# My new second job



## Marchwind (May 10, 2002)

I told you all that my friend was opening a yarn shop right? Well she opened it quietly 3 days ago. Today was my first day working there, I'll be working on Fridays. I had a blast! Most of my time was spent knitting, listening to music, and checking the forum (here), and emails. We actually did a fairly brisk business today compared to other days. She has only put in a small ad in the local paper, 2 people came in because they saw the ad. I made several sales too, more than the previous two days  Word of mouth is how most people are finding out about the store, that and they saw the sign. Everyone is really excited which of course made my day exciting :banana02: We are having an official open house next month.

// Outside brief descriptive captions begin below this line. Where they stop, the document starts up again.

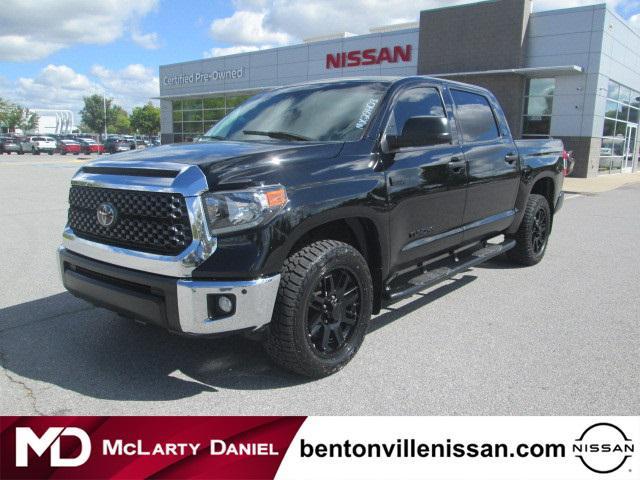 used 2021 Toyota Tundra car, priced at $38,188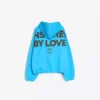 Desenli Kapüşonlu Sweatshirt – Sweatshirtler ve Kapüşonlular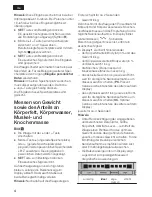 Preview for 4 page of Bosch PPW 6440 Instruction Manual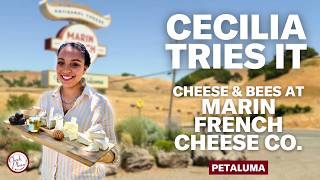 Cecilia Tries It: Visiting the Country's Oldest Cheese Company | KQED Food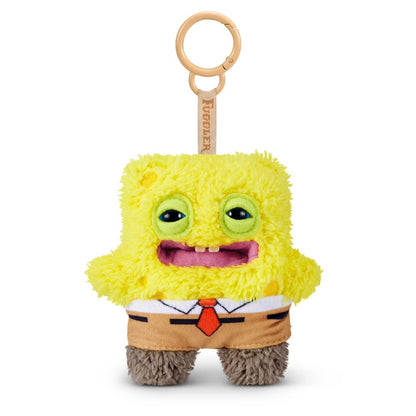 Fuggler x SpongeBob SquarePants Keyring SpongeBob Plush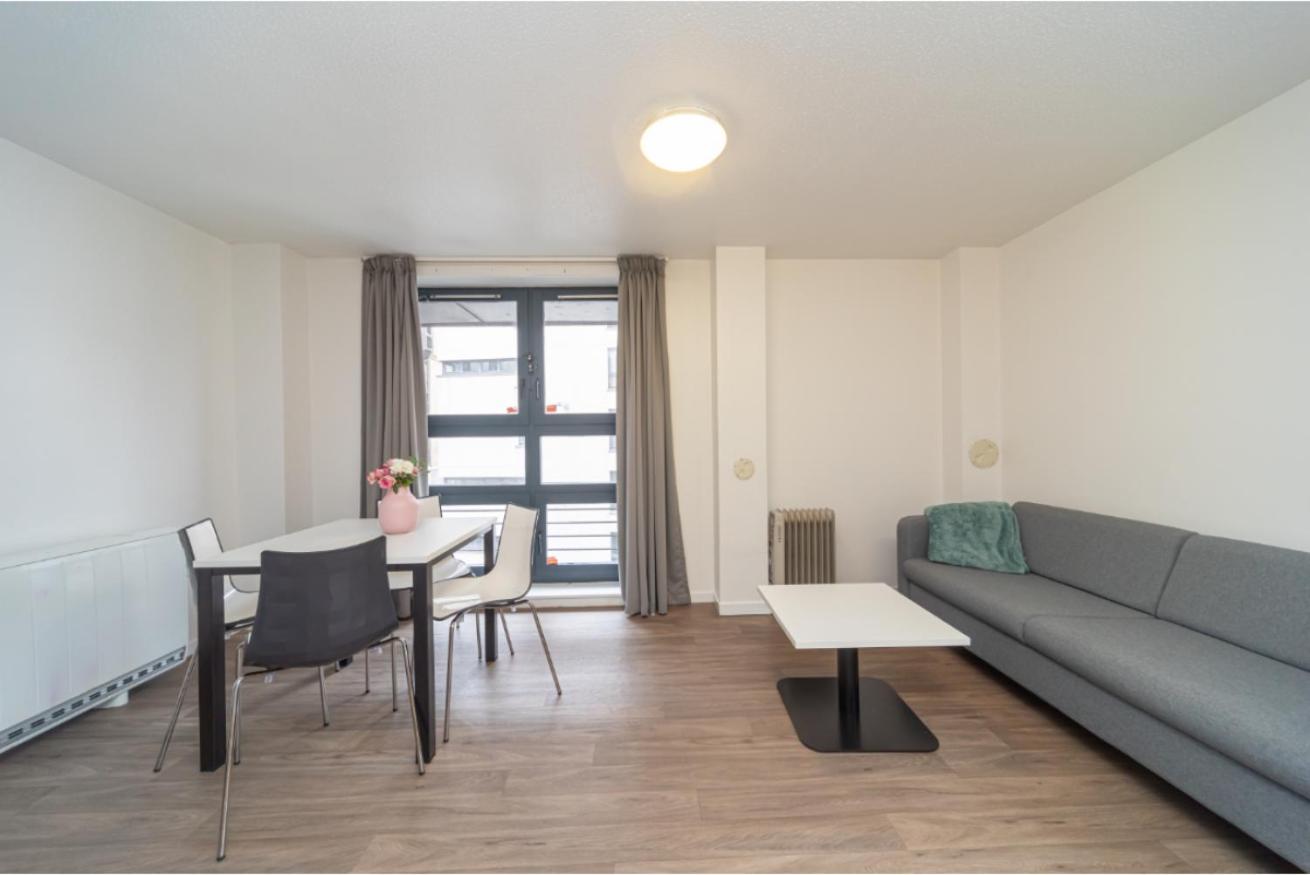 Apartament Joivy Affordable 3,4,5 And 12 Bed Private Flats Next To Royal Mile (Adults Only) Edynburg Zewnętrze zdjęcie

Patty asked if I would teach some classes. I'm going to start with a sock knitting class the end of January, then she wants me to teach a spinning class. Frazzelhead I would be very interested in the pdf of the spindles your son makes when you get it up on your web page. I haven't heard very good things about the CD spindles, and I like the looks of the wheel spindles better.

For those of you who may be in the area of Bemidji, MN the name of the store is Yarn Dance and it is near the intersection of 15th and Paul Bunyan drive, across 15th from Erberts & Gerberts. Hours are Wed. - Sunday 10-6 W, Th, F, S, 12-? Sun.


----------



## gone-a-milkin (Mar 4, 2007)

SWEET! 

Be sure to do a blurb and set up a group on Ravelry. Enter it in the LYS Finder, etc. It might seem dumb, but that is how I find the yarnshops in my area.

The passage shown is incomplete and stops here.